# Paco Kelly .22LR Acurizer Tool - My experience report.



## rimfiredoctor (Sep 18, 2007)

Paco Kelly .22LR Acurizer Tool - My experience report.

I got motivated to buy the Acurizer tool acording to the many very positive (fake?!) reports about it. I paid $58 with check and ordered all three rods with it. Delivery took 4 weeks.

After unwrapping it and reading the instructions CAREFULLY i followed the instructions and tried the tool. The results were more than disapointing. First of all i got the .222 .223 tool which was not ordered. I ordered the .223 .224 tool.

The tolerances of the inserting rods are sloppy which is causing the rod -NOT- to align in the center. You use it and get off center hollow points. The .22LR ammunition i used for trying the tool was MiniMag.

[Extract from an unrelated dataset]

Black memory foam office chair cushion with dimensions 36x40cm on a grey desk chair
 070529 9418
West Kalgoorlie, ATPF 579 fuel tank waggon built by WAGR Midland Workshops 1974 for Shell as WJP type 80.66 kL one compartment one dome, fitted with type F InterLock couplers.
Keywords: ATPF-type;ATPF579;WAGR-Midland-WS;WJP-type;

I used the .223 side of the tool because the .22LR ammo fit in there without any force. I hammered it VERY LIGHTLY and modified the bullethead about 50% of what you supposed to according to the manual. I wanted to see if a light modification would still allow the bullet to cycle. Guess what.... the bullet did jam. I was not able to fire just one round. I tried it several times and every time i hammered it more lightly as before. I ended up with just ONE light punch (about 10% modification of the bullethead) and i got the same results all the time. The Hollow point was off center and the bullet did not insert in the chamber. After extracting the bullets 8 times with a cleaning rod out of the blocked chamber i got VERY frustrated and gave up on it. Another thing to mention is that the tool is very unstable. The slightest hit with a mallet and it bounced up and down already. I used a solid wood board to set up the tool. After all i requested a refund from Paco Kelly to take this useless POS tool, and that´s all what it is, back.

My experience was --->VERY<--- disapointing and frustrating.

After i requested a refund from Frank Kelly (Paco is not his real name) it took him 5 weeks to mail me a check of $58 back. I had to threaten him with legal action. (Law Suit and DA for fraudulent business). Finally i got my check back but not the shipping cost. I also need to mention that he did not sent a bill with the delivery. He sent my original order letter with some scribbling on it. "unreadable... Have fun."

If you want to spare yourself from a useless tool and trouble do NOT order it !!!

Don´t be deceived by the positive reports from 
http://gunblast.com 
http://www.leverguns.com 
See all the participating websites here: http://gunblast.com/links.htm

These people are associates of Mr. Kelly and they´re promoting each others products.


----------